Retrieval Augmented Generation (RAG)

RAG combines LLMs with a retriever that selects relevant document segments to answer specific questions. This is the dominant approach for LLM development as it greatly increases accuracy and reduces hallucination by relying on a specific document library, instead of a model’s training data. The process starts by using all the relevant financial tables and documents that will need to be referenced to write the new draft.

1. Chain of Thought (CoT) Reasoning

COT reasoning breaks down complex tasks into a step-by-step process, mimicking how humans approach problems. By replicating these steps in an LLM pipeline, a model can be leveraged at each step with the results used as inputs for the next phase. This enables a tool to:

  • Follow logical or branching sequences.
  • Handle predictive analytics tasks.

This structured approach allows LLMs to tackle more complex use cases, from narrative drafting to data-driven insights.

2. Question Decomposition

Question decomposition involves breaking a complex paragraph into discrete, answerable questions.

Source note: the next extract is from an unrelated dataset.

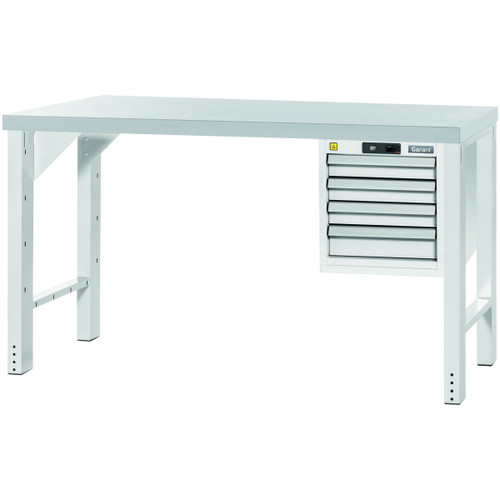 GARANT GridLine ESD Vario workbench with casing, height 850 mm, ESD worktop, 12x20G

Consider this sample:

2024 Budget Text: “Under current law, USDA’s total outlays for 2024 are estimated at $228.3 billion. Outlays for mandatory programs are $191.5 billion, 83.9 percent of total outlays. Mandatory programs provide services …”

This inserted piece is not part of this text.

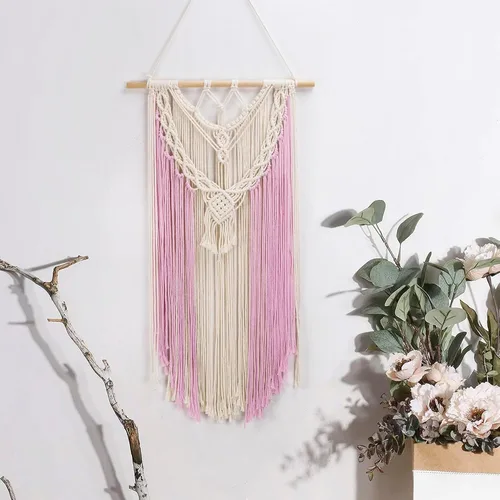 Vista 3 de LB Colgante de pared de macramé rosa, decoración de pared de macramé bohemio, borla rosa y beige, bohemio, tejido a mano, macramé, decoración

By decomposing this paragraph, we generate targeted questions:

  • What are the total outlays for USDA in 2024?
  • What portion of outlays is for mandatory programs?

Building question decomposition into RAG deployments allows LLMs to handle complex queries requiring multi-step reasoning or comparisons. Answering in isolation, the right documents can be found to answer each question. Structured responses (e.g., lists in Python) can further enhance automation pipelines.

Overcoming Challenges with Tabular Data – Table Serialization

Tabular data, critical for financial reports, poses unique challenges for LLMs due to its low semantic value. Retrievers in RAG pipelines may struggle to reason against and match such data. To address this:

Serialization involves converting tabular data into descriptive text. By asking an LLM to generate textual representations during the document indexing step, we:

  • Add semantic value for better matching and reasoning.
  • Prepare data for anticipated queries, reducing errors at runtime.

For example, a table showing budget allocations could be serialized as: “Table showing USDA’s 2024 budget breakdown by program type, with mandatory programs accounting for $191.5 billion (83.9%).” This is partly possible because the solution is tailor-made to the use case. Knowledge of the type of documents and the questions or challenges the tool will face informs development and improves the results above and beyond what an off the shelf solution would provide.

Integrating CoT Reasoning and Tool Use

Advanced reasoning techniques can also enhance LLM capabilities by incorporating external tools. For instance:

  • Using an LLM to extract the arguments and operators for the equation.
  • Pipeline passes data to a programmed function to perform the calculations.

This approach, often referred to as “agent-based LLMs,” combines CoT reasoning with tool integration to address LLM limitations, enabling sophisticated solutions for automation workflows.

The Path Ahead

LLMs are poised to transform automation across industries, from streamlining budget justifications to tackling other high-value tasks. By combining RAG with advanced techniques like CoT reasoning, question decomposition, and table serialization, we can unlock new possibilities for solving complex challenges. For the budget justification example, these approaches allowed for the creation of draft portions that matched what was ultimately published.

I encourage my colleagues and clients to think beyond the surface-level applications of LLMs. With the right techniques, these models can drive meaningful innovation and deliver tailored solutions for even the most intricate problems. Let’s continue pushing the boundaries of what’s possible in automation!

What other use cases do you envision for LLMs in automation?